╔══
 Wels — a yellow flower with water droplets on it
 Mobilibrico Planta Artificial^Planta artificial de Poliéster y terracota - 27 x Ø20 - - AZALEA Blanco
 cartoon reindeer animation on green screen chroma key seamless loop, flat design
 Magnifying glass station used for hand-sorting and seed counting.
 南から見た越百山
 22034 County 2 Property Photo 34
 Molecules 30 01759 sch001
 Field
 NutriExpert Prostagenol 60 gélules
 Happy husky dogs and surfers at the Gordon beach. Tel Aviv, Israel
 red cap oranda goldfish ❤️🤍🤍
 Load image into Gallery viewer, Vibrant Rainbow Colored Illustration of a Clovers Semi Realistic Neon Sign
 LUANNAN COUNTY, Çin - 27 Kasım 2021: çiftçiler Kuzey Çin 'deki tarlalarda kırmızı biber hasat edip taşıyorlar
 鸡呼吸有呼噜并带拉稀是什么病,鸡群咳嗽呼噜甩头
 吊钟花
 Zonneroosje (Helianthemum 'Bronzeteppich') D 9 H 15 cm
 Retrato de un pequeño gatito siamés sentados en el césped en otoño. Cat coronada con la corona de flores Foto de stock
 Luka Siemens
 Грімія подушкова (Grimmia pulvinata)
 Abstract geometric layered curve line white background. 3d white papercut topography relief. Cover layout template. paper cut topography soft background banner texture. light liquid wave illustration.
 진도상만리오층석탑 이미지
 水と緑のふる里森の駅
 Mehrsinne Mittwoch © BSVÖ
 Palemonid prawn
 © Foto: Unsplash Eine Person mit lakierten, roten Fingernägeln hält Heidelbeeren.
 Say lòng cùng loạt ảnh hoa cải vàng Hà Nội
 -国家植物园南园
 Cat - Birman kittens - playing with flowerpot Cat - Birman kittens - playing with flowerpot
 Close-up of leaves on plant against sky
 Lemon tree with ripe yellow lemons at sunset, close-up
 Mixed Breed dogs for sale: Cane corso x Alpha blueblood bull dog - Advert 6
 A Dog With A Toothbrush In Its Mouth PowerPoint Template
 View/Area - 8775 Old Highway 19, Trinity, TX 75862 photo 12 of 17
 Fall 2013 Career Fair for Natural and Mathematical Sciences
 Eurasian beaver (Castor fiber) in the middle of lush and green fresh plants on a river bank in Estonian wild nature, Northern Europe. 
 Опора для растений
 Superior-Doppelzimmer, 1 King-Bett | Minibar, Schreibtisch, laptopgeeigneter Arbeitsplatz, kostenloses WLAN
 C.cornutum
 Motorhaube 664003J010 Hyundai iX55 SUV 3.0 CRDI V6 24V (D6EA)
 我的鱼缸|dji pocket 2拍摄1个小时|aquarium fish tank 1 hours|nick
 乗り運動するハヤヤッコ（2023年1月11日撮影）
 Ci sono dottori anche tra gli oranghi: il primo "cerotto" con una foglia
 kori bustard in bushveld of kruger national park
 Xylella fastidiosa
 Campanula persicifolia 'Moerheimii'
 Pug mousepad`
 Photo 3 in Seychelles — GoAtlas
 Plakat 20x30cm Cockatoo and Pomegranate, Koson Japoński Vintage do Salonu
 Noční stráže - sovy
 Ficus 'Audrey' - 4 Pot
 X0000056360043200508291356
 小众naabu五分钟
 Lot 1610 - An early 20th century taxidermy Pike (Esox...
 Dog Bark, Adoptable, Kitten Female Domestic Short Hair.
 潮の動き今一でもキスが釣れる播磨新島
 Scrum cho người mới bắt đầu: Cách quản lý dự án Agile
╚══
Begin at the first line of the entries above and copy every line exactly, ending with the line that contains "Superior-Doppelzimmer, 1 King-Bett".

 Wels — a yellow flower with water droplets on it
 Mobilibrico Planta Artificial^Planta artificial de Poliéster y terracota - 27 x Ø20 - - AZALEA Blanco
 cartoon reindeer animation on green screen chroma key seamless loop, flat design
 Magnifying glass station used for hand-sorting and seed counting.
 南から見た越百山
 22034 County 2 Property Photo 34
 Molecules 30 01759 sch001
 Field
 NutriExpert Prostagenol 60 gélules
 Happy husky dogs and surfers at the Gordon beach. Tel Aviv, Israel
 red cap oranda goldfish ❤️🤍🤍
 Load image into Gallery viewer, Vibrant Rainbow Colored Illustration of a Clovers Semi Realistic Neon Sign
 LUANNAN COUNTY, Çin - 27 Kasım 2021: çiftçiler Kuzey Çin 'deki tarlalarda kırmızı biber hasat edip taşıyorlar
 鸡呼吸有呼噜并带拉稀是什么病,鸡群咳嗽呼噜甩头
 吊钟花
 Zonneroosje (Helianthemum 'Bronzeteppich') D 9 H 15 cm
 Retrato de un pequeño gatito siamés sentados en el césped en otoño. Cat coronada con la corona de flores Foto de stock
 Luka Siemens
 Грімія подушкова (Grimmia pulvinata)
 Abstract geometric layered curve line white background. 3d white papercut topography relief. Cover layout template. paper cut topography soft background banner texture. light liquid wave illustration.
 진도상만리오층석탑 이미지
 水と緑のふる里森の駅
 Mehrsinne Mittwoch © BSVÖ
 Palemonid prawn
 © Foto: Unsplash Eine Person mit lakierten, roten Fingernägeln hält Heidelbeeren.
 Say lòng cùng loạt ảnh hoa cải vàng Hà Nội
 -国家植物园南园
 Cat - Birman kittens - playing with flowerpot Cat - Birman kittens - playing with flowerpot
 Close-up of leaves on plant against sky
 Lemon tree with ripe yellow lemons at sunset, close-up
 Mixed Breed dogs for sale: Cane corso x Alpha blueblood bull dog - Advert 6
 A Dog With A Toothbrush In Its Mouth PowerPoint Template
 View/Area - 8775 Old Highway 19, Trinity, TX 75862 photo 12 of 17
 Fall 2013 Career Fair for Natural and Mathematical Sciences
 Eurasian beaver (Castor fiber) in the middle of lush and green fresh plants on a river bank in Estonian wild nature, Northern Europe. 
 Опора для растений
 Superior-Doppelzimmer, 1 King-Bett | Minibar, Schreibtisch, laptopgeeigneter Arbeitsplatz, kostenloses WLAN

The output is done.